# Семинар 3: Линейная регрессия, sklearn, регуляризация.

In [None]:
import numpy as np
import pandas as pd
from matplotlib import pyplot as plt
%matplotlib inline

def plot(x, y_true, y_pred=None):
    plt.scatter(x, y_true, label='true', color='blue')
    if y_pred is not None:
        plt.plot(x, y_pred, label='pred', color='red')
    plt.legend()

## Линейная регрессия, точное решение



Дано:

матрица объекты-признаки $X$

целевая переменная $y$

Строим модели вида:

$\hat{y} = Xw + \varepsilon$

где $w$ - вектор весов признаков, $\varepsilon$ - случайная компонента (данные неидеальны, поэтому без случайной компоненты не обойтись)
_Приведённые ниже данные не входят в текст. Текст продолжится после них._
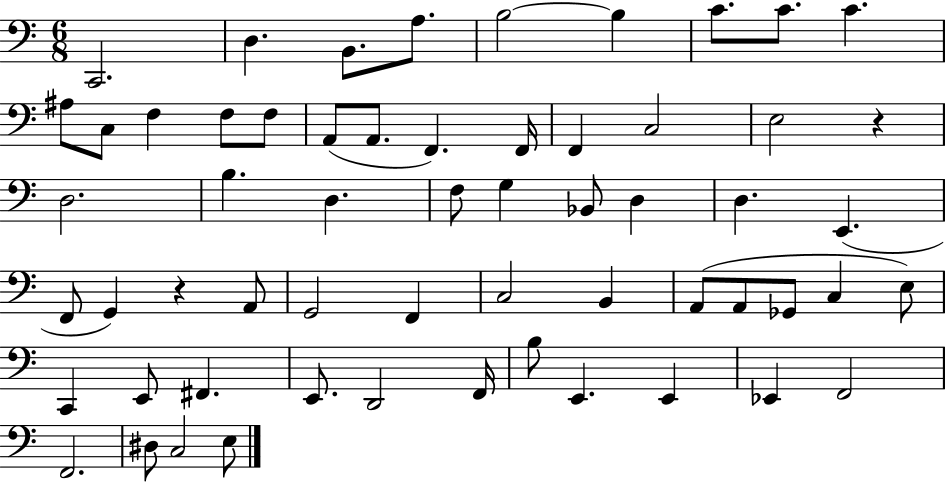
X:1
T:Untitled
M:6/8
L:1/4
K:C
C,,2 D, B,,/2 A,/2 B,2 B, C/2 C/2 C ^A,/2 C,/2 F, F,/2 F,/2 A,,/2 A,,/2 F,, F,,/4 F,, C,2 E,2 z D,2 B, D, F,/2 G, _B,,/2 D, D, E,, F,,/2 G,, z A,,/2 G,,2 F,, C,2 B,, A,,/2 A,,/2 _G,,/2 C, E,/2 C,, E,,/2 ^F,, E,,/2 D,,2 F,,/4 B,/2 E,, E,, _E,, F,,2 F,,2 ^D,/2 C,2 E,/2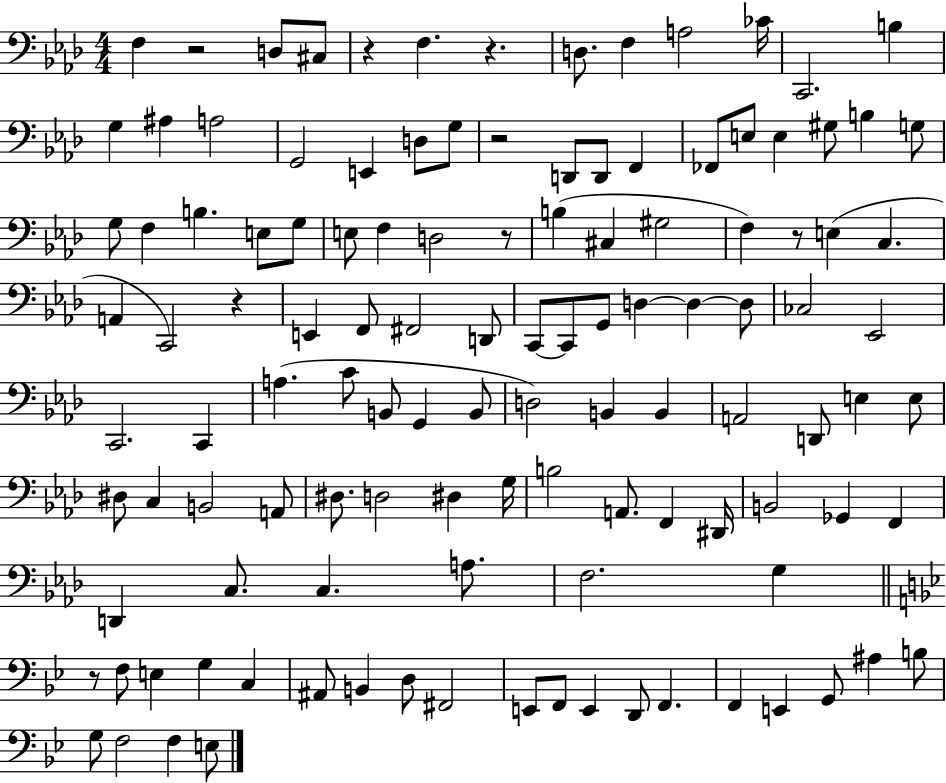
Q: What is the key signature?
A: AES major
Оценка качества - MSE (среднеквадратическая ошибка): $$MSE(y, \hat{y}) = \frac{1}{l}\sum_{i=1}^l (y_i - \hat{y}_i)^2$$

Чем меньше MSE, тем лучше модель.


Как найти наилучший $w$?

Идея: найти $w$, при котором достигается минимум MSE

$$\hat{w} = (X^T X)^{-1}X^T y$$

Преимущества:


*   Готовая формула
*   Теоретическое обоснование

Надостатки:


*   Сложность обращения матрицы
*   Проблемы с $X^T X$ - может быть вырожденной или плохо обусловленной





### Сгенерируем точки для задачи регрессии

In [None]:
num_points = 100
m, b, delta = 1, 0, 1

x = np.linspace(1, 10, num_points)
y = m * x + b + np.random.uniform(-delta, delta, num_points)

plot(x, y)

In [None]:
x.shape

In [None]:
x.reshape((-1, 1)).shape

In [None]:
def linear_regression(x, y):
  x = x.reshape((-1, 1))
  w = np.linalg.inv(x.T @ x) @ x.T @ y
  return w

### Обучим нашу линейную регрессию и посмотрим на результат

In [None]:
w = linear_regression(x, y)

In [None]:
w.shape

In [None]:
w

In [None]:
w = linear_regression(x, y)

y_pred = w * x
plot(x, y, y_pred)

print(f'MSE: {np.mean((y - y_pred)**2)}')

### Загрузим данные

```python
    def some_noisy_function(x, noise):
      num_points = x.shape[0]
      return .2 * x + 1.3 * np.sin(x) - .06 * x ** 2 + noise * np.random
      
    uniform(-noise, noise, num_points)
```


In [None]:
import pickle
!wget https://raw.githubusercontent.com/Murcha1990/ML_math_2022/main/Семинары/data/sem03-data.pkl

x, y = pickle.load(open('sem03-data.pkl', 'rb'))

In [None]:
# Либо так:
# Только тут файл имеет другое название.

#!wget https://raw.githubusercontent.com/SergeyKorpachev/math-faculty-ml/main/2026/seminars/seminar03/data.pkl

In [None]:
x.shape

### Обучим модель

In [None]:
w = linear_regression(x, y)

y_pred = w * x

plot(x, y, y_pred)
print(f'MSE: {np.mean((y - y_pred) ** 2)}')

## Scikit-learn

In [None]:
from sklearn.linear_model import LinearRegression
from sklearn.metrics import mean_squared_error

lr = LinearRegression()

In [None]:
features = x.reshape(-1, 1)

lr.fit(features, y)
y_pred = lr.predict(features)

plot(x, y, y_pred)
print(f'MSE: {mean_squared_error(y, y_pred)}')

### Как улучшить?

**Подсказка:** вместо $x$ использовать какую-то функцию $f(x)$


In [None]:
np.concatenate([x.reshape((-1, 1)), x.reshape((-1, 1))**2], axis=1)

In [None]:
def get_features2(x):
    x = x.reshape((-1, 1))

    return np.concatenate([x, x**2, x**3, x**4, x ** 5, x**6, x**7, x**8,x **9, x ** 10], axis=1)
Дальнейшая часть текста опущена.